• HOW TO COMPLETE THIS TASK: Each line from the one containing "鱼鳞、鱼骨生物吸附剂制备可行性研究报告建议书.doc_第1页" through the last line of the records is to be repeated exactly, with all pictures left out.
= Beginning of Section =
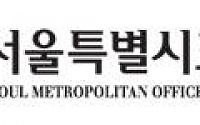 서울시교육청,“저소득 임대주택 건립, 교육환경 떨어진다”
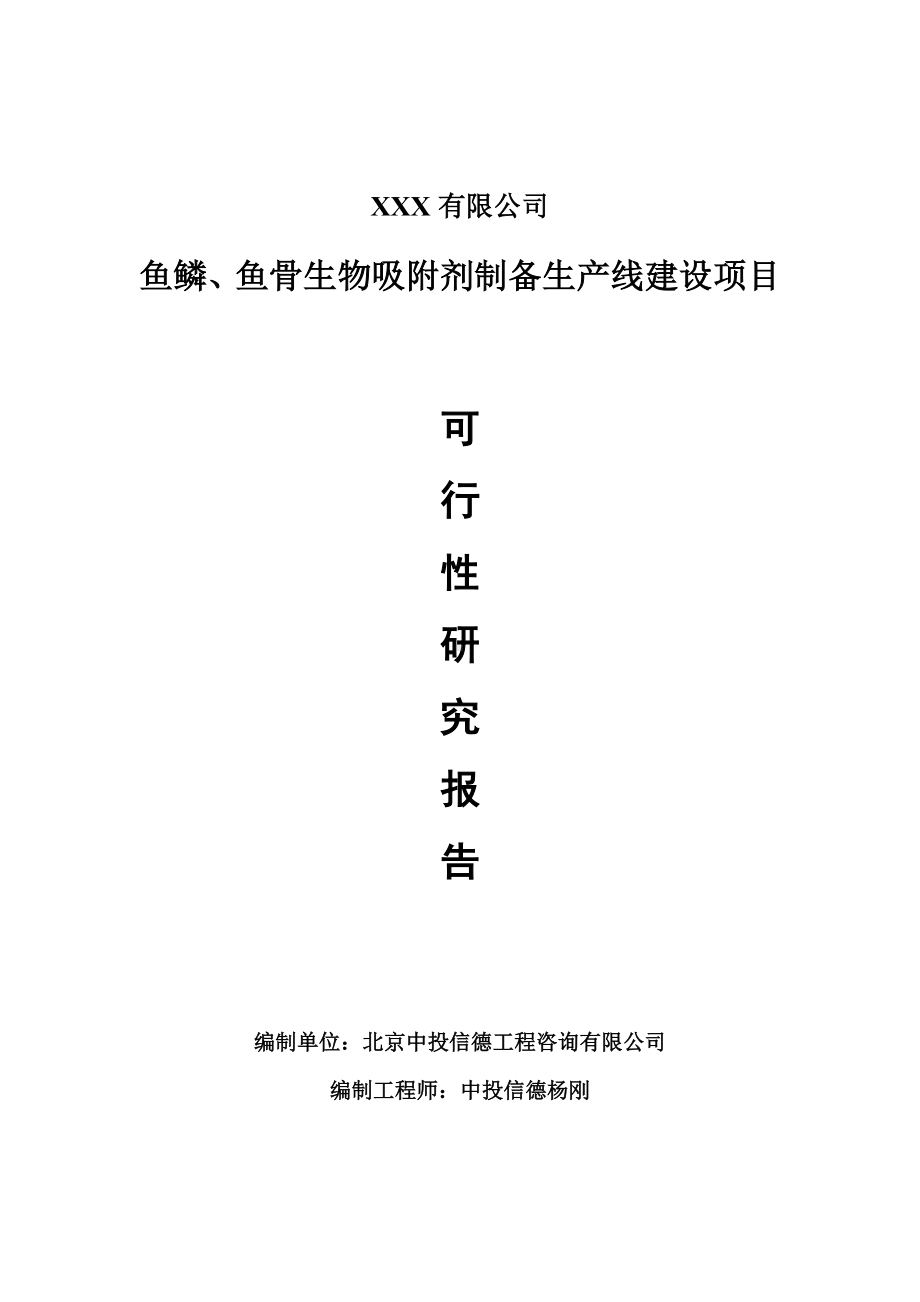 鱼鳞、鱼骨生物吸附剂制备可行性研究报告建议书.doc_第1页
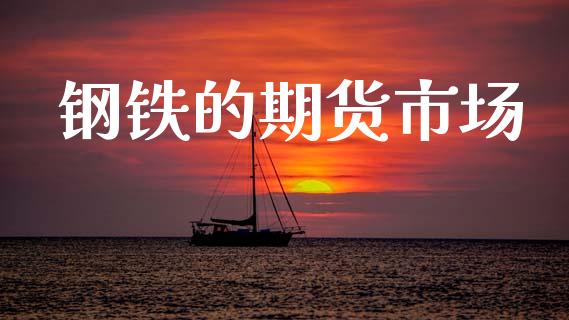 钢铁的期货市场_https://www.gongyisiwang.com_道指_第1张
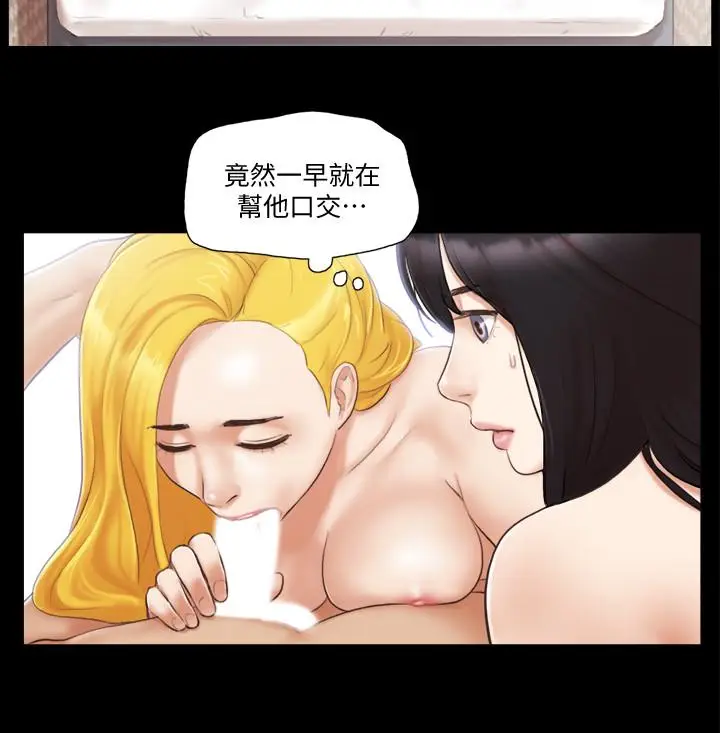 协议换爱[顶通]韩漫全集-第21話-這樣抱著我會忍不住…无删减无遮挡章节图片 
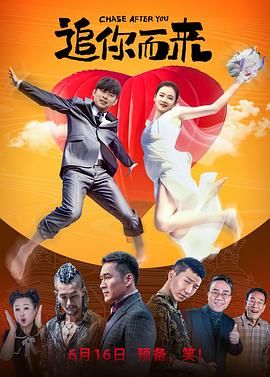 国产精品反差婊在线观看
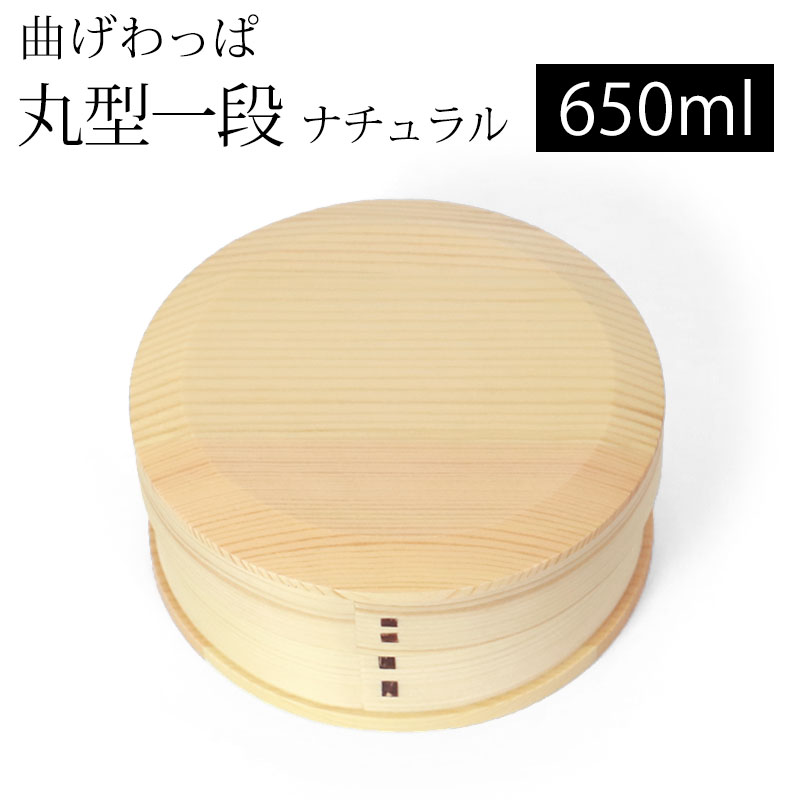 【10%OFF 12/4 20時〜】 曲げわっぱ お弁当箱 650ml 白木 丸型 1段 天然木製 曲げわっぱ弁当箱 まげわっぱ ランチボックス 一段 仕切り付...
= End of Section =
• SOLUTION:
 鱼鳞、鱼骨生物吸附剂制备可行性研究报告建议书.doc_第1页
 钢铁的期货市场_https://www.gongyisiwang.com_道指_第1张
 协议换爱[顶通]韩漫全集-第21話-這樣抱著我會忍不住…无删减无遮挡章节图片 
 国产精品反差婊在线观看
 【10%OFF 12/4 20時〜】 曲げわっぱ お弁当箱 650ml 白木 丸型 1段 天然木製 曲げわっぱ弁当箱 まげわっぱ ランチボックス 一段 仕切り付...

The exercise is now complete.